Using two models to estimate the missing data in an independent variable

Hi,

The response variable is y. The independent variable x has both observations x_{obs} and missing data x_{mis} . I am wondering if I can use two models that involve the same missing data x_{mis}. The first model is the distribution of the independent variable itself. The second model is a linear model y \sim x. Below is the example code.

data {
  int<lower=0> N_obs;
  int<lower=0> N_mis;
  vector[N_obs] y_obs1;
  vector[N_obs] x_obs;
  vector[N_mis] y_obs2;
}
parameters {
  real mu;
  real<lower=0> sigma1;
  vector[N_mis] x_mis;

  vector[2] b;
  real<lower=0> sigma2;
}
model {
  mu ~ N(0, 1); 
  sigma1 ~ N(0, 1) T[0, ];
  x_mis ~ N(0, 1);
  x_obs ~ N(mu, sigma1);
  x_mis ~ N(mu, sigma1); // first model for x_mis

  b ~ N(0, 1);
  sigma2 ~ N(0, 1) T[0, ];

  for(n in 1: N_obs) {
     y_obs1[n] ~ N(b[1]+b[2]*x_obs[n], sigma2);
  }
 
  for(n in 1: N_mis) {
     y_obs2[n] ~ N(b[1]+b[2]*x_mis[n], sigma2); // second model for x_mis
  }
}

The model can be fitted. But I don’t understand why Stan can use two models to estimate the same missing data. And I’m also wondering if the model is valid. Any advice?

This isn’t a well-formed Stan model. Stan uses normal for normal distributions.

I think in the above model you do not want x_mis ~ normal(0, 1). If the data distribution is normal(mu, sigma1), then you just want x_mis ~ normal(mu, sigma1).

By adding two priors, you get the product in Stan. So your version looks like this:

p(x_mis) =propto= normal(x_mis | 0, 1) * normal(x_mis | mu, sigma1).

So it’s well-formed in Stan, but just not what you want for missing data imputation.

Also, you don’t need the truncation on sigma2 sampling statement because the parameters are constant and it’ll just add a constant.

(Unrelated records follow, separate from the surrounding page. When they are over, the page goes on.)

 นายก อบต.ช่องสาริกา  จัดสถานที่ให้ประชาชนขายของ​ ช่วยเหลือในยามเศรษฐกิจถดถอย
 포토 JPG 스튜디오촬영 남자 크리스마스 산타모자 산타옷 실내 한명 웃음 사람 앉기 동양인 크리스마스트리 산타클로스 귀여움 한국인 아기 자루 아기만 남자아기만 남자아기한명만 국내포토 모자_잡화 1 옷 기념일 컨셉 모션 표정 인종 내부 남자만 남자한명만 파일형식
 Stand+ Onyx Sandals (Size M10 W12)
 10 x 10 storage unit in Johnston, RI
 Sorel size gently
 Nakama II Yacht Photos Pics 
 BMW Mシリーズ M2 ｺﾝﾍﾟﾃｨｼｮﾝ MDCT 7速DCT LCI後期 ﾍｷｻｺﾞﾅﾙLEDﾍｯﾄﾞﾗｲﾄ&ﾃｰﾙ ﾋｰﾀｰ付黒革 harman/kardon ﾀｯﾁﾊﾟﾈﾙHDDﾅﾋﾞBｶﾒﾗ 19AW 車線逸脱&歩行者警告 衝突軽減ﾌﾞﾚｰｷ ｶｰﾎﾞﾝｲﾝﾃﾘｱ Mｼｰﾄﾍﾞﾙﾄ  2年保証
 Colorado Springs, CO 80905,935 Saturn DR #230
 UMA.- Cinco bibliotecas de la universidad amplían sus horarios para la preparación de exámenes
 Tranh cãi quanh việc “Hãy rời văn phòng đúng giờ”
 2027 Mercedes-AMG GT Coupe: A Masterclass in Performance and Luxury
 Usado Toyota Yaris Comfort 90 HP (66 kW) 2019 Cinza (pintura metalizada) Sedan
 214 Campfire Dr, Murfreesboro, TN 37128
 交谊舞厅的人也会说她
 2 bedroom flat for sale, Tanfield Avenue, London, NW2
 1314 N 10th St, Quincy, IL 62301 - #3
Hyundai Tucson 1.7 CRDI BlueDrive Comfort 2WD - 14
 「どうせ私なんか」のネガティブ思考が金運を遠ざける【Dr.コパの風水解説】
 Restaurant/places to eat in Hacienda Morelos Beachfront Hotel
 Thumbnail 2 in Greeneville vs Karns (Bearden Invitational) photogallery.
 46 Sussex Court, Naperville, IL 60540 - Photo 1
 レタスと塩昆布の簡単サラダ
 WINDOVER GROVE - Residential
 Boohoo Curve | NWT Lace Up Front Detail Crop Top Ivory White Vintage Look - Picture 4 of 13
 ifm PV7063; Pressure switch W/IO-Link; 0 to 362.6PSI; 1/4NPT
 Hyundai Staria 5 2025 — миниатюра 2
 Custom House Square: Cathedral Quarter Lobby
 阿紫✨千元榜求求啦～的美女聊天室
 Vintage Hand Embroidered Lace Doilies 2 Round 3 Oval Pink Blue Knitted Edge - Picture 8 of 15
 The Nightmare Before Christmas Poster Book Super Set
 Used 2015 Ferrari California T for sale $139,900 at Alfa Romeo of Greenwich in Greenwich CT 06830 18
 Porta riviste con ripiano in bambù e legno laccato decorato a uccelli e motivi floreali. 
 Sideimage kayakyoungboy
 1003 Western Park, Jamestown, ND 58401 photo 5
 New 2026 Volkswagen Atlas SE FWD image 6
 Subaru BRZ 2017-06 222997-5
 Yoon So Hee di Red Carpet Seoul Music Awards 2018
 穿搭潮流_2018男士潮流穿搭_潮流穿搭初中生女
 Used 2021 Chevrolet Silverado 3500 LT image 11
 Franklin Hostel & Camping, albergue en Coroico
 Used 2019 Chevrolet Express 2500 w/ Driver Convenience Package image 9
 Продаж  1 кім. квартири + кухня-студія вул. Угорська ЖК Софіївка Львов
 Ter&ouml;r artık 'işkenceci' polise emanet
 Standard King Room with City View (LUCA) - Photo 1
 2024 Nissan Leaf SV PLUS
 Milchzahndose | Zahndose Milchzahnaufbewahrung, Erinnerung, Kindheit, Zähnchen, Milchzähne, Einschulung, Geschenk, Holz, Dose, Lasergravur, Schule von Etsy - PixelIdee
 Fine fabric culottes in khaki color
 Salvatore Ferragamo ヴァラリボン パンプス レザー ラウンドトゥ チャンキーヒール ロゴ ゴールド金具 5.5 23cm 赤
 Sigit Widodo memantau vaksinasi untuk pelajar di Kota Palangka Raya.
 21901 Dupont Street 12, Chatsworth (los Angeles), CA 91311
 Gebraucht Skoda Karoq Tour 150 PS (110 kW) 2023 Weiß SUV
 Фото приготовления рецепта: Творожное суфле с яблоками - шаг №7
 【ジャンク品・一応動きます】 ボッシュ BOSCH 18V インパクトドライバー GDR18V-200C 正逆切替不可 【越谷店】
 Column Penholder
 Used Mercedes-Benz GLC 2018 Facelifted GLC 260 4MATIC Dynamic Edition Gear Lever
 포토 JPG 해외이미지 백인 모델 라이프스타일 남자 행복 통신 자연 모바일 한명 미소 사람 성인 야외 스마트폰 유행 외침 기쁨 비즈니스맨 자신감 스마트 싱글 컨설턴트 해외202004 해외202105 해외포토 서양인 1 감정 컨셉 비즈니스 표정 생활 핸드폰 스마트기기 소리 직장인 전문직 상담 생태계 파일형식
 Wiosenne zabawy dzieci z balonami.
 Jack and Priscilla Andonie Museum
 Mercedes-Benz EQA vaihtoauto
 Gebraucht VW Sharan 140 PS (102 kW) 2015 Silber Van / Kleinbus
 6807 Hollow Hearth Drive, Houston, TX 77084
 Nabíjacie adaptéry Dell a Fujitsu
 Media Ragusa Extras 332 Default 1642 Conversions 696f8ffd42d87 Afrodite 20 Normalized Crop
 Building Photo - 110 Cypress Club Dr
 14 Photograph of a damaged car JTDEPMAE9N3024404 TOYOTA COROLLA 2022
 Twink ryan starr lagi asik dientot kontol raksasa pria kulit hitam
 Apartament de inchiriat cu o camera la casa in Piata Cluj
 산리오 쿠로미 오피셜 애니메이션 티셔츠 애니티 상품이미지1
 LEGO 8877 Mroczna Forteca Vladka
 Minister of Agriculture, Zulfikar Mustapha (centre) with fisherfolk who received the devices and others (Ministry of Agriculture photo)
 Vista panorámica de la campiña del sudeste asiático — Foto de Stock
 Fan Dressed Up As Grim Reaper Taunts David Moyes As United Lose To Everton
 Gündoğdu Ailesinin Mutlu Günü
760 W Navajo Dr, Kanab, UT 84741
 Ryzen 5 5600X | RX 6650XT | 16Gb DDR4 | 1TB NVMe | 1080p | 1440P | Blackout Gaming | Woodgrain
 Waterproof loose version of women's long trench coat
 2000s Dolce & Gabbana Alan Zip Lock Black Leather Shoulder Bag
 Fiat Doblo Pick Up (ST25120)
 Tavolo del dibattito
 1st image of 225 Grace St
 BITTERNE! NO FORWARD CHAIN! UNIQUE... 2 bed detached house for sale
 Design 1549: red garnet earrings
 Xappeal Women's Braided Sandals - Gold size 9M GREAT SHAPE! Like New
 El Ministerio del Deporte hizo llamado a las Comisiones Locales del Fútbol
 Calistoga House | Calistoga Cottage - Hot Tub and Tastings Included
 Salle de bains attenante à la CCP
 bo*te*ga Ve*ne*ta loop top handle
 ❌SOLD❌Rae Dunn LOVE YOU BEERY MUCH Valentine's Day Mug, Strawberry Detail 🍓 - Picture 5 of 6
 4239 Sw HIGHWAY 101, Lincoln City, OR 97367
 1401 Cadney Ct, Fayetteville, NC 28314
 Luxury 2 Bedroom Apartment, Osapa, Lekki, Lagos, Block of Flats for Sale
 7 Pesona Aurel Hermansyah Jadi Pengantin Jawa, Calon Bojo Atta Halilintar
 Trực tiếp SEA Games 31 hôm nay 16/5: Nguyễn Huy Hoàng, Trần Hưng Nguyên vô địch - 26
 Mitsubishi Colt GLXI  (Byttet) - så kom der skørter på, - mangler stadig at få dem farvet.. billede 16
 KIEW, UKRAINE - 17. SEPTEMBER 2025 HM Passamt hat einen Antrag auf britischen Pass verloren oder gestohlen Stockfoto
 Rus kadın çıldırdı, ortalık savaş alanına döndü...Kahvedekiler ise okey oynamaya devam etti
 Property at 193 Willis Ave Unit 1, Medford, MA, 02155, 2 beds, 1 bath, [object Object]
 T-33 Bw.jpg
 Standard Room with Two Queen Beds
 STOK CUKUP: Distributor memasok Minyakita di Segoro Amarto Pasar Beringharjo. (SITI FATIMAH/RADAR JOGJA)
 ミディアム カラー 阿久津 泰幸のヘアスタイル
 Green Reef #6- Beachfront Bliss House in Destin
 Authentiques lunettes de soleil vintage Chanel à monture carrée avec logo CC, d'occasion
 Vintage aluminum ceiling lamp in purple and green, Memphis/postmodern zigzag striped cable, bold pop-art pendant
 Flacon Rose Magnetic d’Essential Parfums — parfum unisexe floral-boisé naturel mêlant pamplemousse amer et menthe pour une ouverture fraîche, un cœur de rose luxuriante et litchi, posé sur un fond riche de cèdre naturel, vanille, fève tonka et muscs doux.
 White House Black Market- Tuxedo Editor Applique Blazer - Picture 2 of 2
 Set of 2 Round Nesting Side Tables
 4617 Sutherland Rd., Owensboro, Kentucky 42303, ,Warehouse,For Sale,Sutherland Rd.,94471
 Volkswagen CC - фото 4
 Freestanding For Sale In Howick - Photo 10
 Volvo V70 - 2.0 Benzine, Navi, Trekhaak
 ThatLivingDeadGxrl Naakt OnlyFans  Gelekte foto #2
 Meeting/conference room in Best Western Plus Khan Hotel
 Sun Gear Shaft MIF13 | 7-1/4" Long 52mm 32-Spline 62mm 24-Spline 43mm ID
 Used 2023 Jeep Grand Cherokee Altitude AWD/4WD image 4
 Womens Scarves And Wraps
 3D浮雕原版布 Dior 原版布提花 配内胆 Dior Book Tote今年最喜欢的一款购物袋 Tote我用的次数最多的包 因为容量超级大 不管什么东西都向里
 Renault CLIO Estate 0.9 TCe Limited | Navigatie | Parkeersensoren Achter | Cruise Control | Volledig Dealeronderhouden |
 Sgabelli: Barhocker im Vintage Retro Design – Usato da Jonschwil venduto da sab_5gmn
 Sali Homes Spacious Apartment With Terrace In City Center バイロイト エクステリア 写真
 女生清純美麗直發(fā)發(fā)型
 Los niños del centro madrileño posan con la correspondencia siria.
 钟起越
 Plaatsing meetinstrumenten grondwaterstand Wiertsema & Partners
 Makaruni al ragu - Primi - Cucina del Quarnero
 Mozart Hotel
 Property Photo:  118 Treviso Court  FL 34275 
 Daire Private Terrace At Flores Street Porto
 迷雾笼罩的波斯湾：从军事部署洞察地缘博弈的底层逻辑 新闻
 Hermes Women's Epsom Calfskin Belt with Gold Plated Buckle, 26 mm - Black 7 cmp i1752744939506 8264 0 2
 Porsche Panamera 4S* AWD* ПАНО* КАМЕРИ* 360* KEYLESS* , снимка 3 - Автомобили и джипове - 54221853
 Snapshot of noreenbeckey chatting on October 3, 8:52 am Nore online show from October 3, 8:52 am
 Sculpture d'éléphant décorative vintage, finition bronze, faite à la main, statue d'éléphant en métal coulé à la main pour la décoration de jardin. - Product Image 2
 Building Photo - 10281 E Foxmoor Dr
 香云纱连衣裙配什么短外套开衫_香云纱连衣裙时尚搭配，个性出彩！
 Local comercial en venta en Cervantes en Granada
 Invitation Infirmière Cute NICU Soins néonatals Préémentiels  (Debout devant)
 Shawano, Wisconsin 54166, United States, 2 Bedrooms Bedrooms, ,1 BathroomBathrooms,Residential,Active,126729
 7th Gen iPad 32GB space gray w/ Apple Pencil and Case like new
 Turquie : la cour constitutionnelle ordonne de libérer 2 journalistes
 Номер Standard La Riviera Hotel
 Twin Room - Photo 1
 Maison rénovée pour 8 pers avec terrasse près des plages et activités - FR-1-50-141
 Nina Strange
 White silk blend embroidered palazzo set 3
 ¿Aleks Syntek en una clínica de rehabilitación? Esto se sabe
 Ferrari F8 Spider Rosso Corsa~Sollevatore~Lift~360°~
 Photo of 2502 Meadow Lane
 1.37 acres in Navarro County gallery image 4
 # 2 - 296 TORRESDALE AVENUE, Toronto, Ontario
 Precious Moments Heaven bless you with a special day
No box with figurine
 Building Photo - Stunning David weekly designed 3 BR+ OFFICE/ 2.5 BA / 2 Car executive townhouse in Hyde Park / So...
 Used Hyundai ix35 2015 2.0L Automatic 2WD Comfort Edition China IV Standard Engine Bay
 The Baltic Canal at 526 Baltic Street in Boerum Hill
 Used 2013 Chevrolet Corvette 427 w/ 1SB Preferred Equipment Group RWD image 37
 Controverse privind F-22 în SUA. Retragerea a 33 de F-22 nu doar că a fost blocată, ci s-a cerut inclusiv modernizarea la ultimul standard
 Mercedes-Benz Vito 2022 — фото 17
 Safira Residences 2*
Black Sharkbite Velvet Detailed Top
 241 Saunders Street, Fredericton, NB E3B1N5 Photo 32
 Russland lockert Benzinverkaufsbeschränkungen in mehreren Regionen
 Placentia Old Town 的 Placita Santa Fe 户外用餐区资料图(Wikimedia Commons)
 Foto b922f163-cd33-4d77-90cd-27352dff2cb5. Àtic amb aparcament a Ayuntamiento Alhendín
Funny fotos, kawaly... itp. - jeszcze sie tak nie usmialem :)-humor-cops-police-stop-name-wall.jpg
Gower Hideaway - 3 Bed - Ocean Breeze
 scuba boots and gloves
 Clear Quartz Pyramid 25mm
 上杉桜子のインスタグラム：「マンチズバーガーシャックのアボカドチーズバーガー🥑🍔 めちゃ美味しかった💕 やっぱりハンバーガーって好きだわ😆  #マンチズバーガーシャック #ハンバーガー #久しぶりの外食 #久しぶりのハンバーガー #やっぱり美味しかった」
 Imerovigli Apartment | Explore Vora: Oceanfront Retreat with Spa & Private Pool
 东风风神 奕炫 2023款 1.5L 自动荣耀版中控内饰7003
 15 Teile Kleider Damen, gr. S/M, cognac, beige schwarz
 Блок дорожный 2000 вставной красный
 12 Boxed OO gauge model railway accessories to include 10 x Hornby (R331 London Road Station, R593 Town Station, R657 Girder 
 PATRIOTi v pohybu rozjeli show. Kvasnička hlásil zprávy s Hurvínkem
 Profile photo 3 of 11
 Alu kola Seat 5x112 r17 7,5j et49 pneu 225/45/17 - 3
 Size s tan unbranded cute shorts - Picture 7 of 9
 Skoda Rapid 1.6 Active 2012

You can always simulate data where you know the answer and see how it works to then get rid of some of it and try to impute it.

Thanks Bob for your helpful answers. I’ll check the missing data issue further.

Now got a clear idea.

It’s extremely helpful that x_mis ~ normal(mu, sigma1) can be regarded as a prior. I tried one parameter with only its prior given, then the model was fitted and looked like generating data.

I agree that truncation is not necessary. I feel that the truncation distribution is only needed when the bounds can produce 0 log probability.